Distortions of Donald Trump's Acceptance Speech

On the Opinion page of the July 23 Albuquerque Journal, syndicated columnist Cal Thomas writes that Donald Trump's acceptance speech was too loud, and he declared that: "Modulation is the key to good public speaking." This is a welcome antidote for those who single out Hillary Clinton for shouting her speeches.

Besides agreeing with Thomas on Trump's speech being too loud and too long, I found Thomas's comments on the content of the speech to be wrong on almost every count. Thomas cites the latest Real Clear Politics data showing 69.3 percent of those polled believing that the United States is on the wrong track and adds that one has to go back to Jimmy Carter to see similar numbers. Wrong track polling has been done frequently during recent years and the results consistently show that about two-thirds of respondents say the nation is on the wrong track. One poll taken in 2015 added the question of whether more or less government is needed to get on the right track. The respondents split 50-50 on the question, meaning that the public didn't have  a clear remedy to offer.

Cal Thomas alluded to Trump promising to be a "law and order" president, with "specifics to come." Given that Donald Trump is notorious for not giving specifics for his policy proposals, it is unlikely that specifics will come. What Thomas did not say was that crime statistics, as measured by the FBI, have fallen significantly since the early 1990s and have continued to decline during President Obama's time in office. No president can end crime, or end it quickly, as Trump proposes to do.

Donald Trump's proposals to torture "beyond" waterboarding; allow soldiers to commit war crimes; and his encouragement of violence against protesters are not attributes of a "law and order"president.

Thomas claims "Poor children are trapped in failing public schools and Democrats won't let them escape." It is no deep, dark secret that Republicans have pushed school vouchers because they want to weaken teachers' unions.

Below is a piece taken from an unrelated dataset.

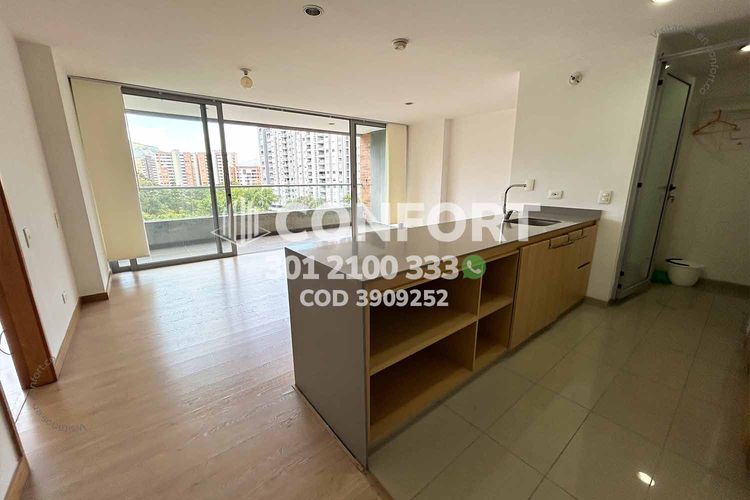 Apartamento de 2 alcobas en arriendo en Loma Benedictinos, Medellín, 100 m² · foto 4 de 24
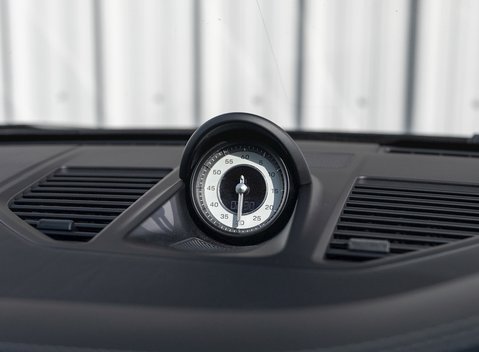 Porsche 911 (992) Turbo S 19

When Thomas speaks of blue-collar workers who "haven't had a significant pay raise in years," he fails to mention that Trump wants to leave the minimum wage issue to the states and Trump is a strong foe of labor unions -- two avenues of increasing worker pay.

It is when Donald Trump said: "Only I can fix it." that movement conservatives should have started shaking in their boots. Trump rules out any role for Congress in fixing what he views as a nation falling apart. Republicans have been fierce in their condemnation of President Obama legislating from the White House, yet Trump's "go it alone" course will make Obama look like a "wet-behind-the-ears" amateur. A key tenet of movement conservatives is that the smaller and weaker the government is, the better, while Trump is saying that government will remedy all of America's problems by himself.